'''
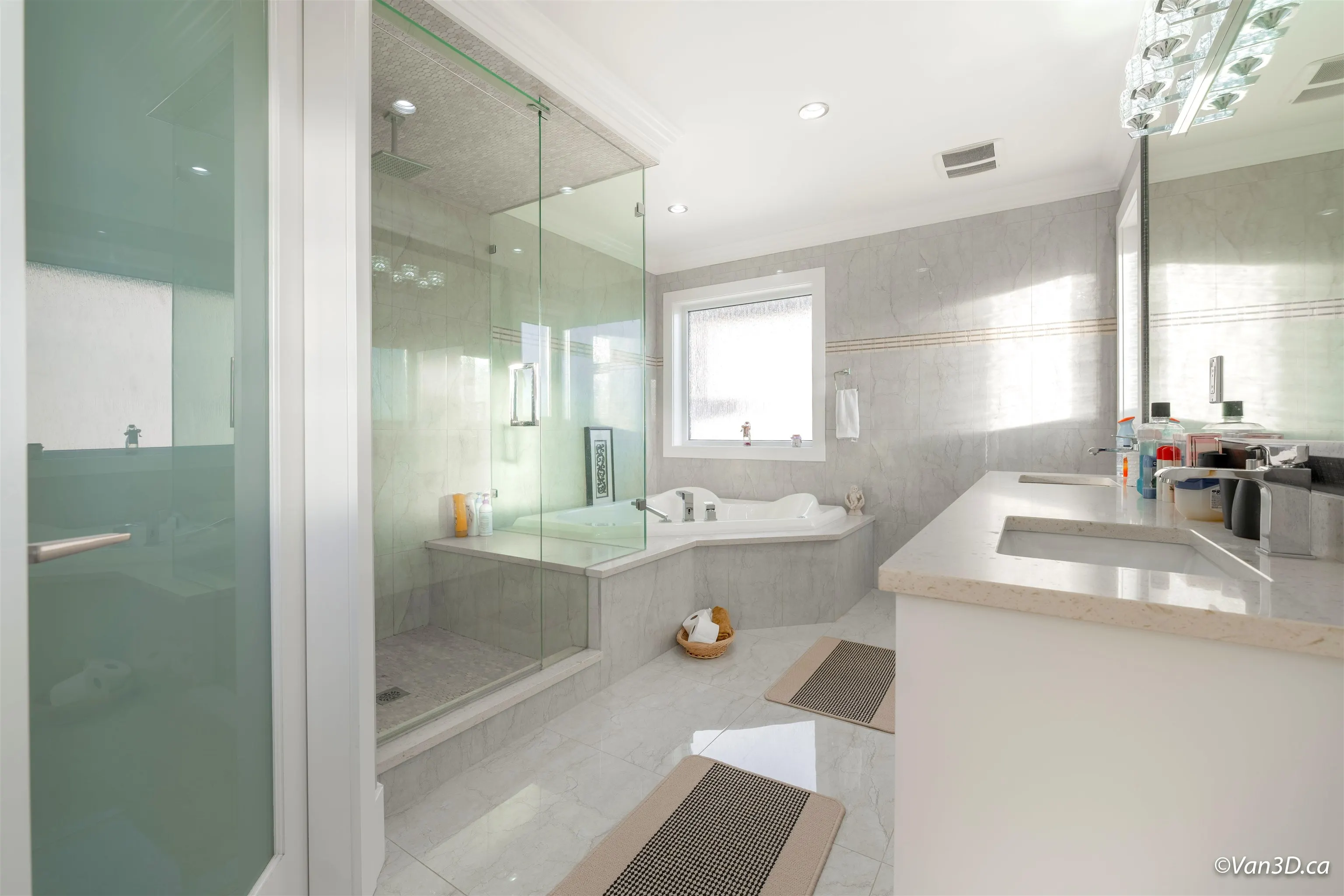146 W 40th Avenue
'''
'''
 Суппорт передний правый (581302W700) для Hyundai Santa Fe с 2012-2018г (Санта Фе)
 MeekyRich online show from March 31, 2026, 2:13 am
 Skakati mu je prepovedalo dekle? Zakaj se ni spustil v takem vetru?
'''
'''
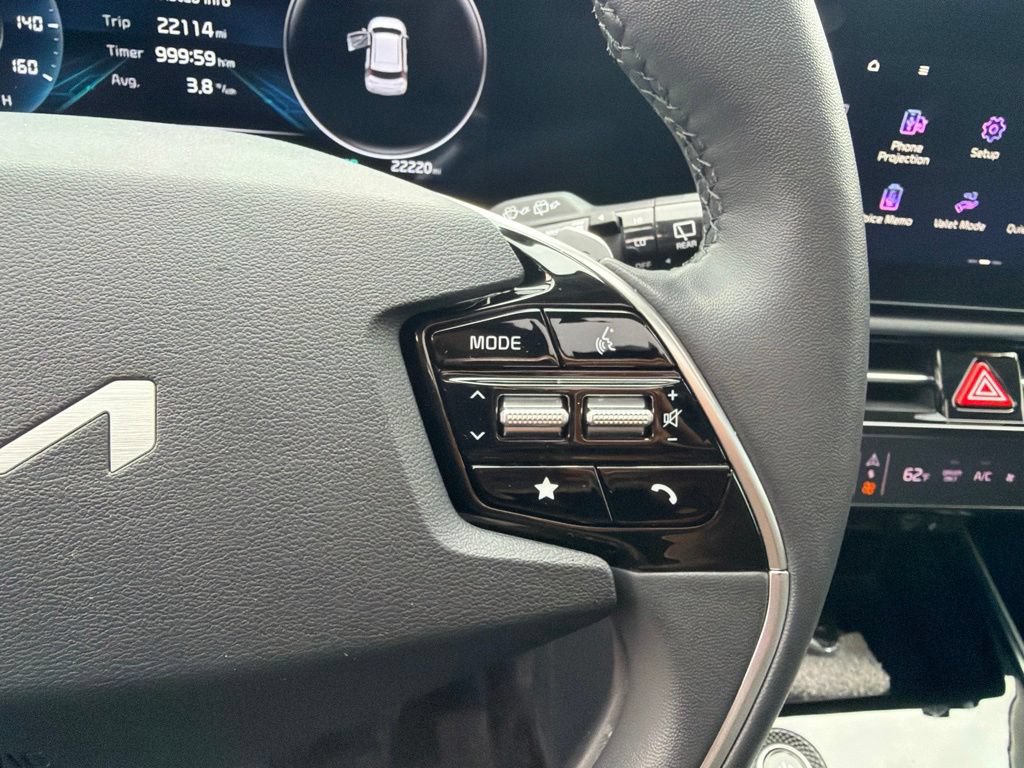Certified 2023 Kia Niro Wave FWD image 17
'''
*Try it*. Everything from the line containing "Суппорт передний правый" through the line containing "Skakati mu je" in the material above should be retyped exactly, both ends included, and nothing more.

*Answer to this problem*.
 Суппорт передний правый (581302W700) для Hyundai Santa Fe с 2012-2018г (Санта Фе)
 MeekyRich online show from March 31, 2026, 2:13 am
 Skakati mu je prepovedalo dekle? Zakaj se ni spustil v takem vetru?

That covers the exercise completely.